Ratten verwerken visuele informatie uit hun ogen op vergelijkbare wijze als andere zoogdieren. Toch bewegen hun ogen op een heel andere manier. Anders dan bij mensen kunnen hun ogen in tegengestelde richting bewegen.
© MPI for Biological Cybernetics/Kerr
Ratten verwerken visuele informatie uit hun ogen op vergelijkbare wijze als andere zoogdieren. Toch bewegen hun ogen op een heel andere manier. In tegenstelling tot mensen kunnen hun ogen in tegengestelde richting bewegen.
© MPI for Biological Cybernetics/Kerr
Net als bij veel zoogdieren zitten de ogen van ratten aan de zijkant van hun kop. Hierdoor hebben ze een zeer breed gezichtsveld, wat nuttig is om roofdieren op te sporen. Voor driedimensionaal zicht is echter een overlapping van de gezichtsvelden van de twee ogen nodig. Het visueel systeem van deze dieren moet dus aan twee tegenstrijdige eisen tegelijk voldoen; enerzijds maximale bewaking en anderzijds gedetailleerd binoculair zicht.
Het onderzoeksteam van het Max Planck Instituut voor Biologische Cybernetica heeft nu voor het eerst de oogbewegingen van vrij bewegende ratten geobserveerd en gekarakteriseerd.

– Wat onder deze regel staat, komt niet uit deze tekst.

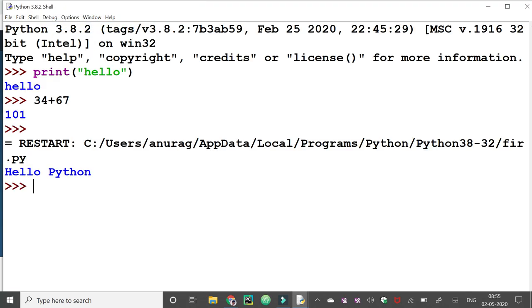Then it gets executed and gives us the output hello python. So it's very easy to work in the IDLE of Python.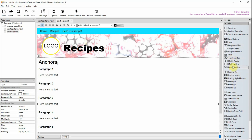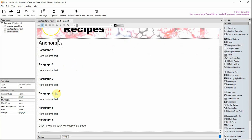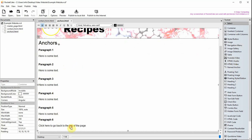Drag Named Anchor from the toolset. Give the anchor a memorable name to identify where it is on the page, like 'top' or 'paragraph 3'. You can now hyperlink to this anchor.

Zij brachten minuscule camera’s van slechts ongeveer een gram aan op de kop van de dieren, die de bliksemsnelle oogbewegingen met grote precisie konden registreren. De wetenschappers gebruikten ook een andere nieuwe methode om de positie en richting van de kop te meten, waardoor zij de exacte kijkrichting van de ratten op elk gegeven moment konden reconstrueren.
De bevindingen van de Max Planck-wetenschappers kwamen als een complete verrassing. Hoewel ratten visuele informatie van hun ogen via zeer vergelijkbare hersenbanen verwerken als andere zoogdieren, bewegen hun ogen blijkbaar op een totaal andere manier. “Mensen bewegen hun ogen op een zeer stereotiepe manier, zowel om hoofdbewegingen tegen te gaan als om rond te kijken. Onze beide ogen bewegen samen en volgen altijd hetzelfde object. Bij ratten daarentegen bewegen de ogen over het algemeen in tegengestelde richting,” legt Jason Kerr van het Max Planck Instituut voor Biologische Cybernetica uit.
In een reeks gedragsexperimenten ontdekten de neurobiologen ook dat de oogbewegingen grotendeels afhangen van de positie van de kop van het dier. “Wanneer de kop naar beneden wijst, bewegen de ogen naar achteren, weg van het puntje van de neus. Als de rat zijn kop optilt, kijken de ogen naar voren: scheel, zeg maar. Als het dier zijn kop op één kant legt, beweegt het oog aan de onderkant naar boven en het andere oog naar beneden”, zegt Jason Kerr.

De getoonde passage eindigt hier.